Problem Solving

Formula for calculating consecutive integers?

I have come across several problems that in the explanation included a forumla for calculating consecutive integers. I can't remember if it was for consecutive even or consecutive odd or just consecutive in general.

Does anyone know this formula?

510_At_It_Again wrote:Formula for calculating consecutive integers?

I have come across several problems that in the explanation included a forumla for calculating consecutive integers. I can't remember if it was for consecutive even or consecutive odd or just consecutive in general.

Does anyone know this formula?

Here is one trick, adopted from Carl F. Gauss, which you can adopt and tweak in your own way.
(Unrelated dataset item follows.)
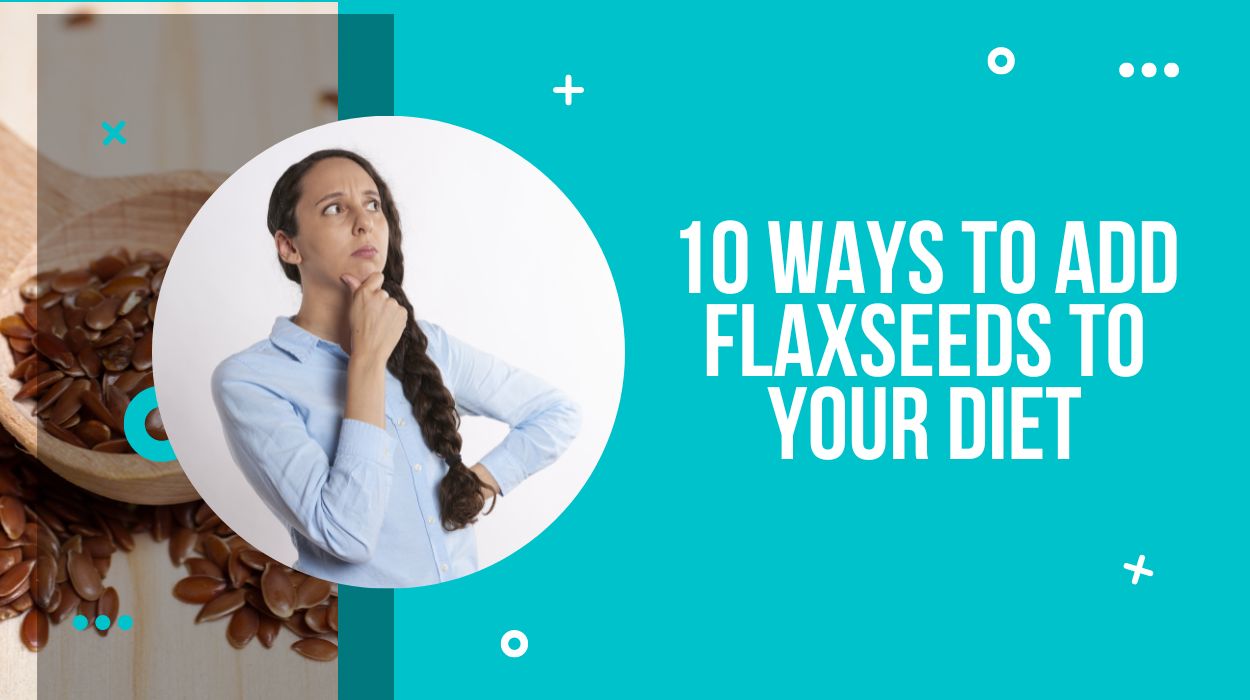 10 Ways to Add Flaxseeds to Your Diet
Add the consecutive integers 1 to 9.

1+9=10
2+8=10
3+7=10
4+6=10
And a 5

You can easily see that by adding the extremes and going toward the middle, you will get a constant number, in this case it is 10. Once you can determine how many such constant numbers there will be and whatever leftove number, if any, there is you are done.
The above sum is 45. What quick way could we arrive at 45?
9+1-1 = number of intergers involved. My thing is that whenver the sum ends in an odd number, I drop the last term and consider the rest and just add the last term.
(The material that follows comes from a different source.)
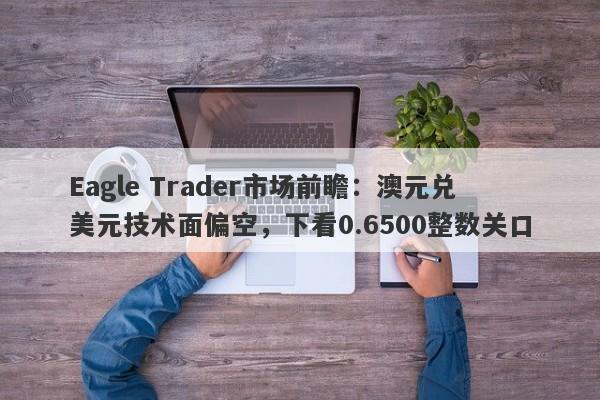 Eagle Trader市场前瞻：澳元兑美元技术面偏空，下看0.6500整数关口-第1张图片-Eagle Trader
So I would consider 8 numbers. Divide 8 by 2 and get 4. There are four groups that will sum to 9, ie I would consider the sum from 1 to 8 instead of from 1 to 9. This time, instead of 10 I will get 9. So 4 groups each having 9 as sum.
9 x4+9=45.

The consecutive sum from intergers a to c is accordingly
i) If Number of terms= c -a+1= odd, drop c and consider sum from a to b.
Then asnswer is (b-a+1)/2 x a+b + c

ii) if c-a +1 =even
then
(c-a +1 )/2 x a+c

Example Sum the consecutive integers from 200 to 2004

2004-200+1=1805 which is odd. So I would drop 2004 and sum to 2003

2003 -200+1= 1804. 1804/2=902

Sum = 902 x (200 +2003) +2004
(902 x 2203) +2004
1989110

Of course if the problem were sum 200 to 2003, we would have
902 x (200 +2003)
1987106

The extra step is the pain that comes from dealing with odd number of things.
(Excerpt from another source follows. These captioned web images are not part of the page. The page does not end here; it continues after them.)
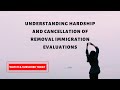 Understanding Hardship and Cancellation of Removal Immigration Evaluations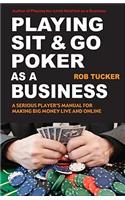 Playing Sit-&-Go Poker as a Business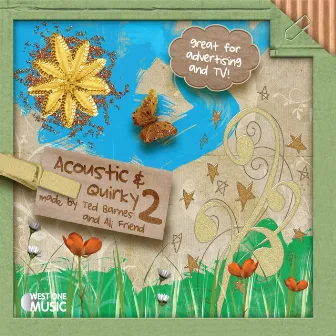 Acoustic & Quirky 2 by Ted Barnes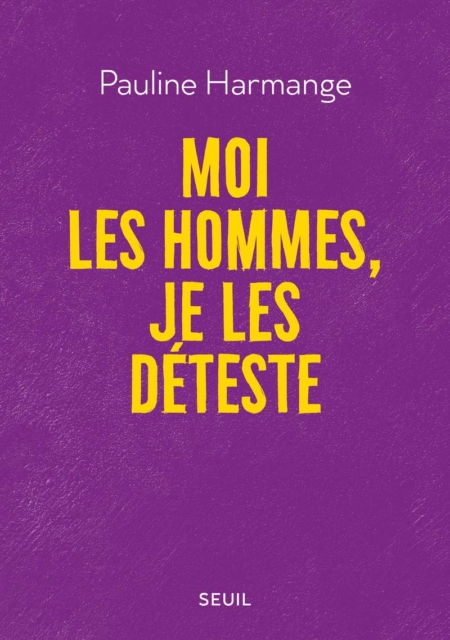 Moi les hommes, je les déteste – Pauline Harmange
For consecutive even numbers you know the their general terms and you can just use the formula for finding the Sum of an arithmetic sequence.

S= n/2 (2a +n-1)d

where d=2
a will be the first even or odd number
and n, the number of terms can be calculated as in the above example.

I wouldn't use this formula for consecutive numbers because I find the above method quicker but it can also be used, since d=1.